In one embodiment, the three-dimensional object has a deflection temperature under load measured in accordance with ISO 75-1 and 75-2 of preferably 98° C. or more, and more preferably 100° C. or more. Since the three-dimensional object has the deflection temperature under load measured in accordance with ISO 75-1 and 75-2, the three-dimensional object according to one embodiment has excellent heat resistance.

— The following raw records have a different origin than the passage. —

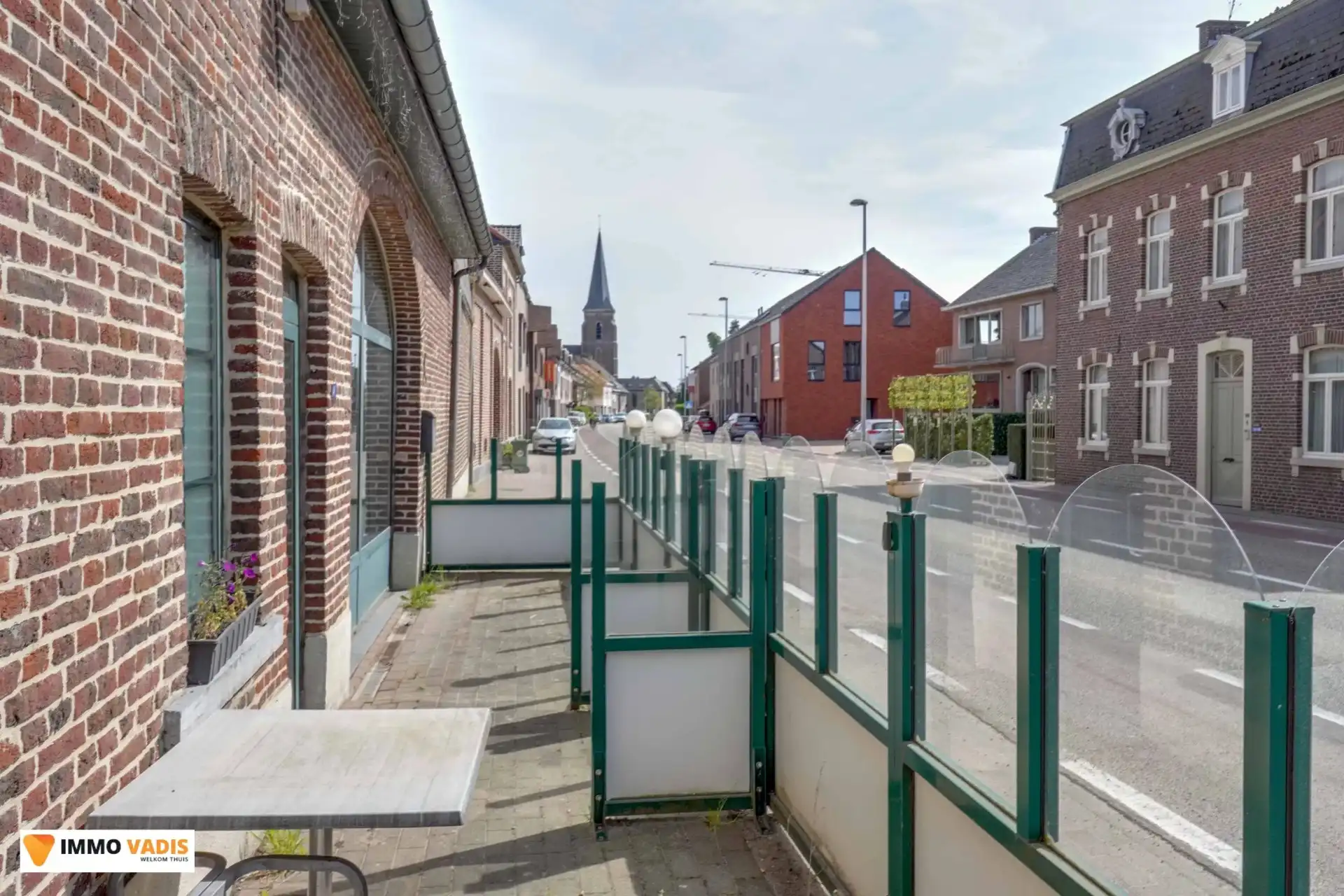Handelshuis met commerciële topligging in Bilzen foto 5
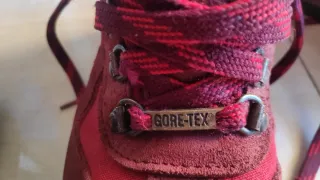 Botas de montaña Garmont. Talla 37.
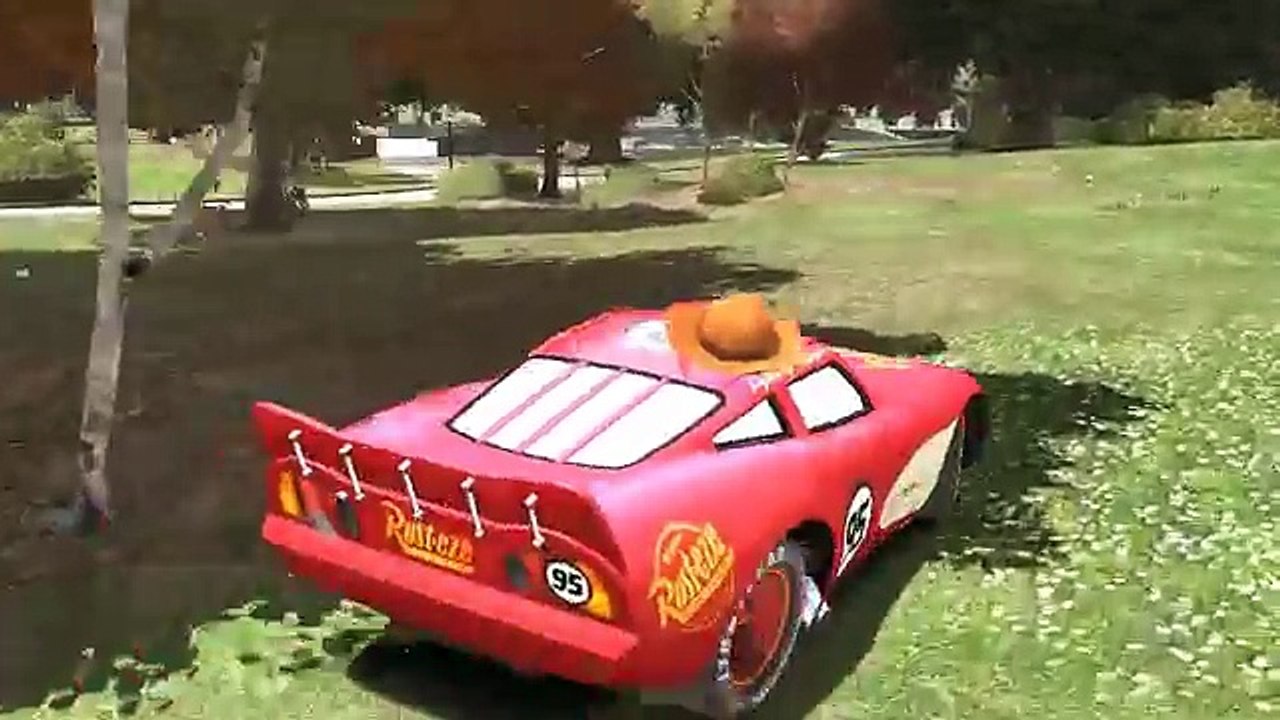 Elsa Frozen la Reine des Neiges et Woody conduisent Flash Mcqueen de Cars 2 Disney Pixar
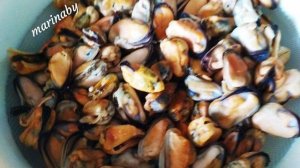 Закуска их маринованных мидий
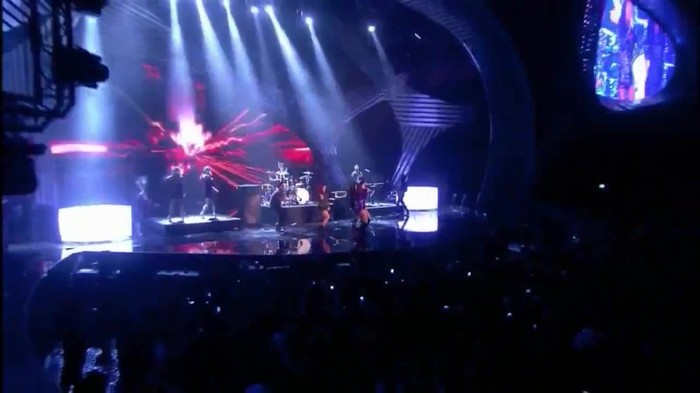 00 229 - Selena Gomez and The Scene Hit The Lights Live MTV EMAs 2011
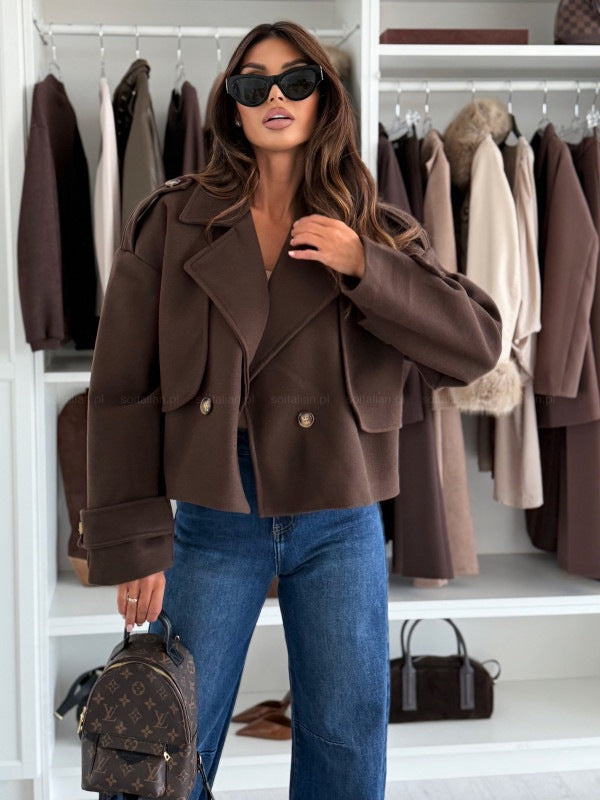 Damen modische Kurzjacke mit oversized Schnitt und auffälligen Knopfdetails Stalluxe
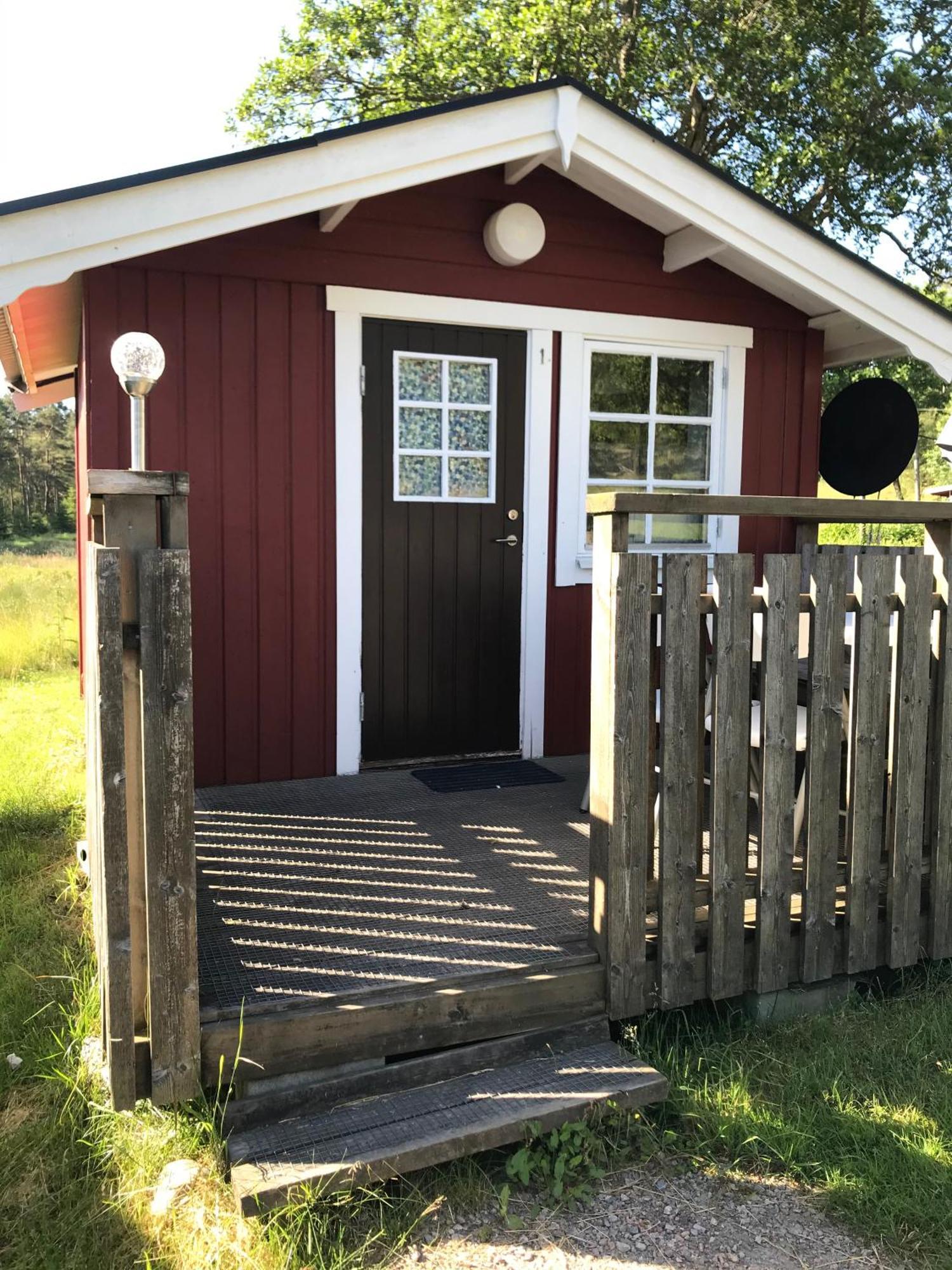 Bjoersjoeas Vildmark - Small Camping Cabin Close To Nature Olofstorp ภายนอก รูปภาพ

[Method of manufacturing a three-dimensional object]
The method for producing a three-dimensional object according to this embodiment includes a step of supplying the above-mentioned powder material (X) to a powder sintering 3D printer. Then, the supplied powder material (X) is used to produce a three-dimensional object (production step).

<Modeling process>
In the modeling process using a powder sintering 3D printer, a thin layer is formed with the supplied powder material (X), and the thin layer is irradiated with laser light in a shape corresponding to the cross-sectional shape of the object to be modeled, thereby sintering the powder material (X). By sequentially repeating this process, the sintered thin layers are stacked to produce a three-dimensional model. The conditions for forming a thin layer with the powder material (X), the conditions of the laser light, etc. are not particularly limited, and can be appropriately adjusted according to the settings of the powder sintering 3D printer used. The powder material (X) according to this embodiment includes a powder (I) that is easily melted by irradiation with laser light and has the characteristic that the powder after melting is not sintered immediately (i.e., the balance between melting and sintering is good), and a powder (II) that improves fluidity. Therefore, it is possible to obtain a three-dimensional model that is less likely to have voids or gaps, has excellent appearance, and is excellent in mechanical properties and heat resistance. Since the powder material (X) includes powder (I) and powder (II), there is less chance of the powder material flying up during modeling. As a result, workability is improved.
The powder sintering 3D printer may be a conventionally known printer, such as the product name "Raphael (registered trademark) II 300-HT" manufactured by Aspect Corporation.

Another embodiment of the present disclosure is the use of powder material (X) as a resin raw material for a three-dimensional object produced using a 3D printer, or a method of using the same.

A non-limiting list of exemplary embodiments and combinations of exemplary embodiments of the present disclosure are disclosed below.
[1] A powder material (X) for 3D printers,
A polyacetal copolymer resin powder (I) and metal oxide particles (II),
The content of the particles (II) is 0.01 to 0.5% by mass relative to the total mass of the powder material (X).
[2]
The powder (I) has an average particle size (D50) of 40 μm or more and 60 μm or less,
The particle size (D10) at which the volume-based cumulative frequency of the powder (I) is 10% is 15 μm or more;
The powder material (X) according to [1], wherein the powder (I) has a particle size (D90) at which the volume-based cumulative frequency is 90% of the powder (I) is 100 μm or less.
[3] The powder material (X) according to [1] or [2], wherein the particles (II) comprise fumed metal oxide particles.
[4] The proportion of comonomer units in the total constitutional units (100 mass%) of the polyacetal copolymer resin is 1.0 mass% or more and 6.0 mass% or less,
The powder material (X) according to any one of [1] to [3], wherein the melt flow rate of the powder (I) measured at a temperature of 190 ° C. and a load of 2.16 kgf is 1.0 g / 10 min or more and 8.0 g / 10 min or less.
[5] The powder material (X) according to any one of [1] to [4], wherein the average particle size (D50) of the particles (II) is 5 nm or more and 20 nm or less.
[6] The powder material (X) according to any one of [1] to [5], wherein the particles (II) comprise fumed metal oxide particles having a hydrophobic surface.
[7] The powder material (X) according to any one of [1] to [6], wherein the particles (II) contain fumed alumina.
[8] A three-dimensional object comprising the powder material (X) according to any one of [1] to [7].
[9] A method for producing a three-dimensional object, comprising carrying out modeling using the powder material (X) according to any one of [1] to [7].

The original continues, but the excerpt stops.